If ORFfinder did find something, run SmartBLAST on the ORF(s). If the ORF has good hits, this suggest that there is really something in the gap. It is possible that ORFfinder identified several ORFs belonging to the same gene. You can add the new gene to your GeSeq output file. Copy the lines corresponding to an existing gene (both the "gene" and the "CDS" information) and paste it in the right location. Then modify the start and end of the gene, its name and, if you want, add the amino acids sequence. Repeat if you looked at more gaps. Finally, run OGDraw (see Step 5) on your modified GeSeq file. Save the output as you will need to submit it.
Question 7 (alternative 1). What are the new genes identified by ORFfinder?
Choose three of the ORFs and perform SmartBLAST on them. Answer the question below for these three ORFs.
Question 7 (alternative 2). What are the genes identified by ORFfinder? Do the results match with your previous results, e.g. from GeSeq? (e.g. in terms of boundaries)
Question 8. Write a Python script which takes as input a whole mitochondria fasta file and the coordinates of a feature (start and end) and outputs a fasta file with a informative header (including: the species name and / or identifier, the name of the feature, and the coordinates of the feature) and the sequence of the feature (i.e. the sequence between the start and the end positions).

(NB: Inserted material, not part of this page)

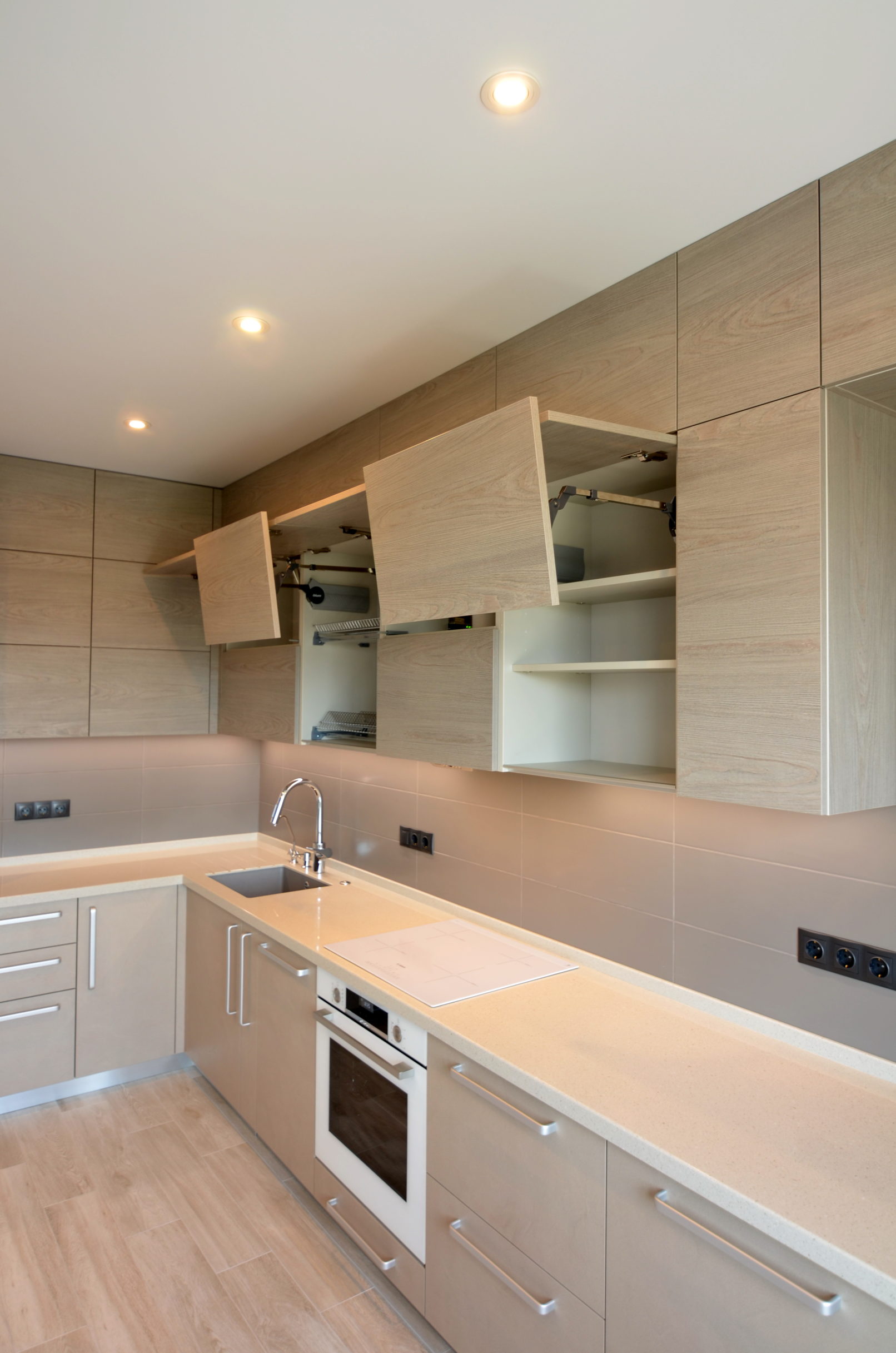 кухня песочного цвета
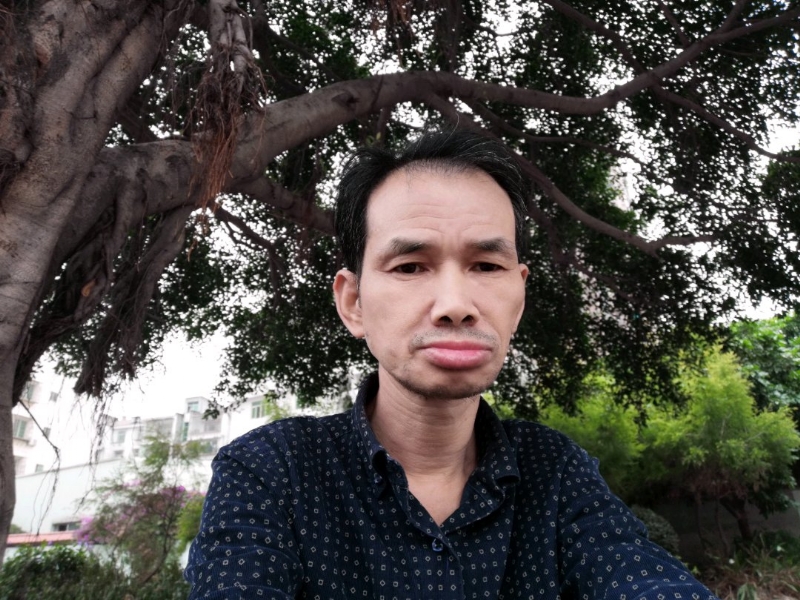谁愿伴奏人生之歌？的第一张照片--华安征婚网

You can use either parsing through the command line thorugh argparse
or sys.argv
from the sys
library example here, or interactively using input()
.
An example of the first method below
my_script.py input_mitocondria.fasta Gene_name start stop Extra annotation
my_script.py input_mitocondria.fasta TGH_4 5001 5100 This is a cool gene
## Output:
cat gene_1.fasta
>TGH_4:5001-5100 This is a cool gene
ATGACATATGCTTTGTTTCTGTTGAGTGTAATTTTAGTGATAGGGTTCGTGGGGTTTTCTTCTAAGCCCT
Please submit a text file with answers to Questions 1 through 7.
Submit the visual representation of your annotated mitochondria.
Submit the script from Question 8 as a .py file.
This is the end of the lab, please make sure that you completed and wrote down the answers to all of the questions.
Upload the scripts (code) that you were asked to submit to studium in the original format (i.e. .py or .sh), no pdf
or word files! Any answers that are not code should of course be in text formats such as .pdf, .txt & .docx
.
Also, make sure to delete any files that you no longer need - you can copy them somewhere else if you want to keep them. This goes for both the Unix computers and Uppmax.